A federal trial judge in Washington, Ricardo Urbina, threw out the case on New Year's Eve 2009 after he found the Justice Department mishandled evidence and violated the guards' constitutional rights.
But a three-judge panel of the U.S. Court of Appeals ruled Friday that Urbina wrongly interpreted the law.

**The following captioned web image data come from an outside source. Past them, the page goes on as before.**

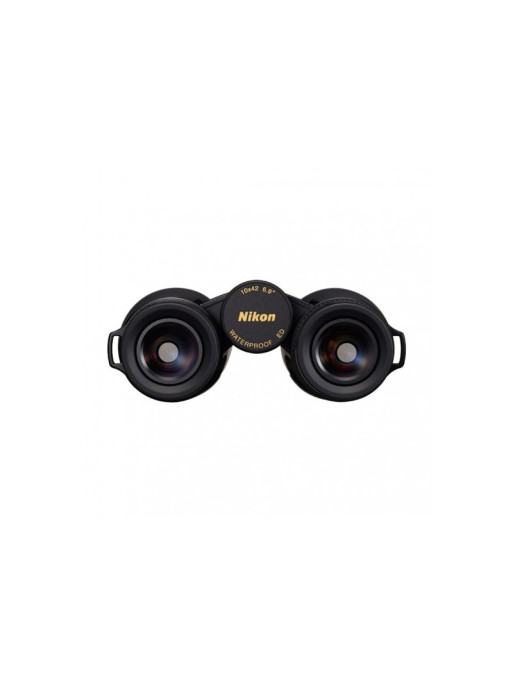 Jumelle Nikon Monarch HG 10x42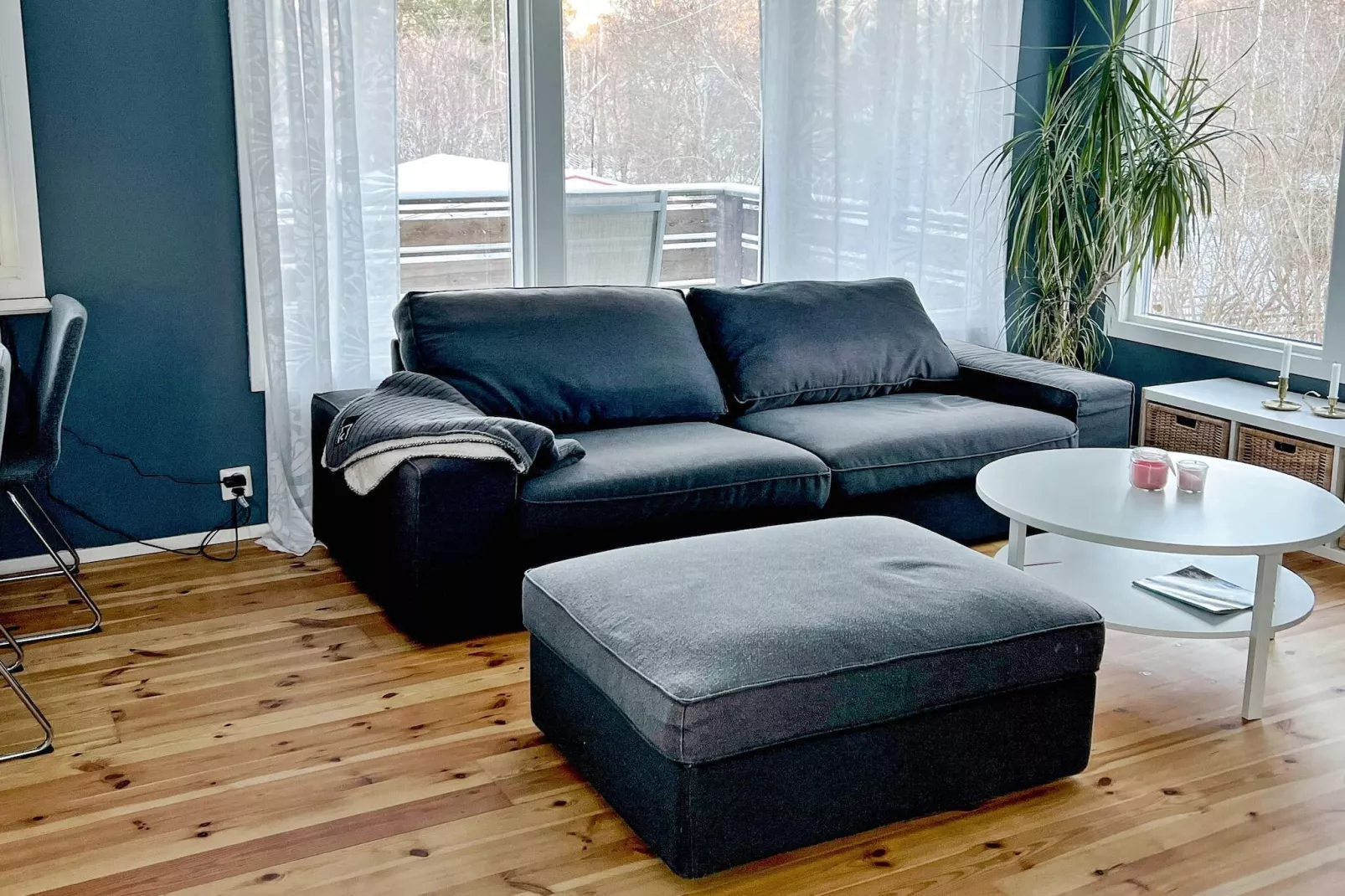 4 star holiday home in VÄRMDÖ-Indoor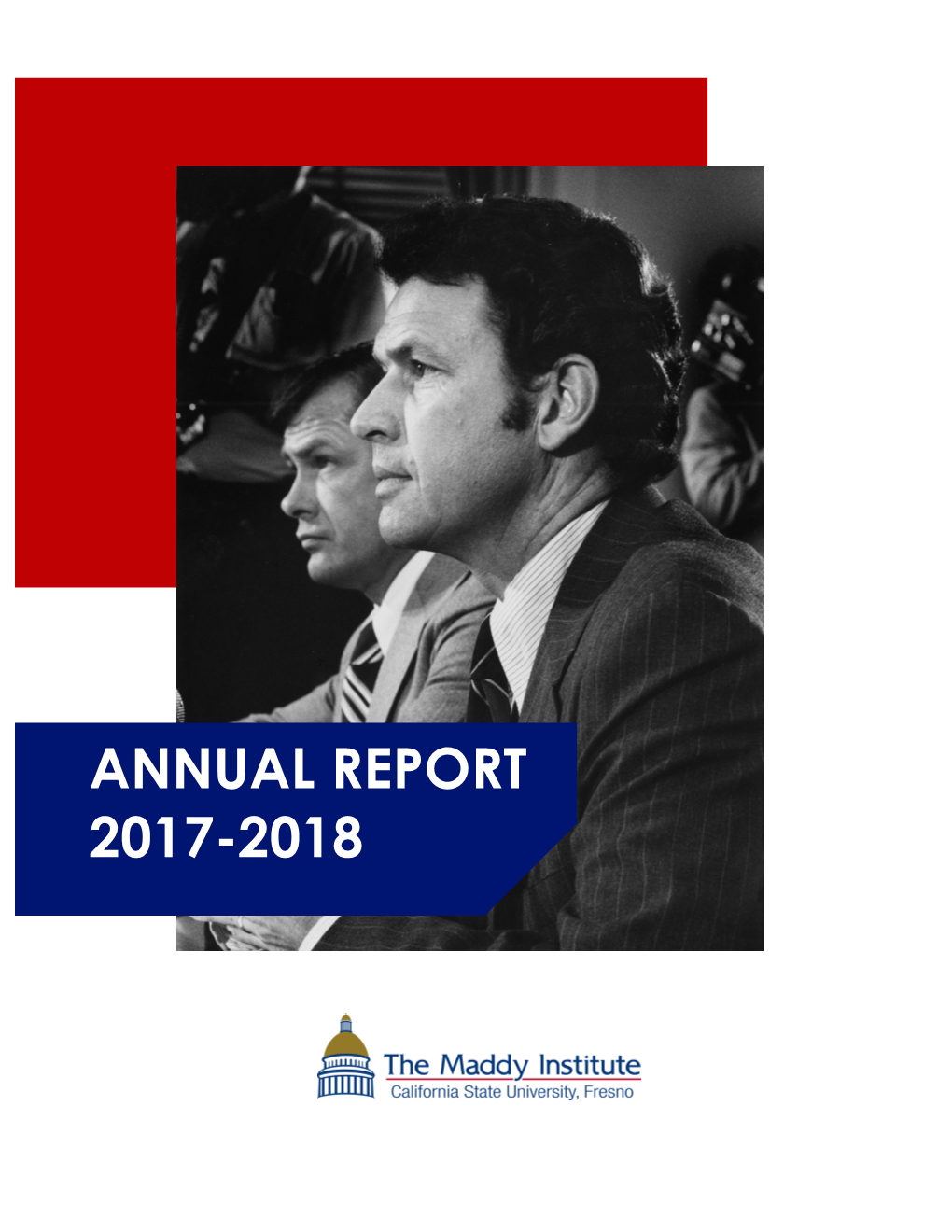 Annual Report 2017-2018 2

It ordered that he reconsider whether there was any tainted evidence against four of the five defendants —former Marines Evan Liberty of Rochester, N.H.; Donald Ball of West Valley City, Utah; and Dustin Heard of Knoxville, Tenn.; and Army veteran Paul Slough from Keller, Texas.
The Justice Department has dismissed charges against the fifth defendant, Nick Slatten, a former U.S. Army sergeant from Sparta, Tenn.
Blackwater security contractors were guarding U.S. diplomats when the guards opened fire in Nisoor Square, a crowded Baghdad intersection, on Sept. 16, 2007. Seventeen people were killed, including women and children, and 20 others wounded in a shooting that inflamed anti-American sentiment in Iraq.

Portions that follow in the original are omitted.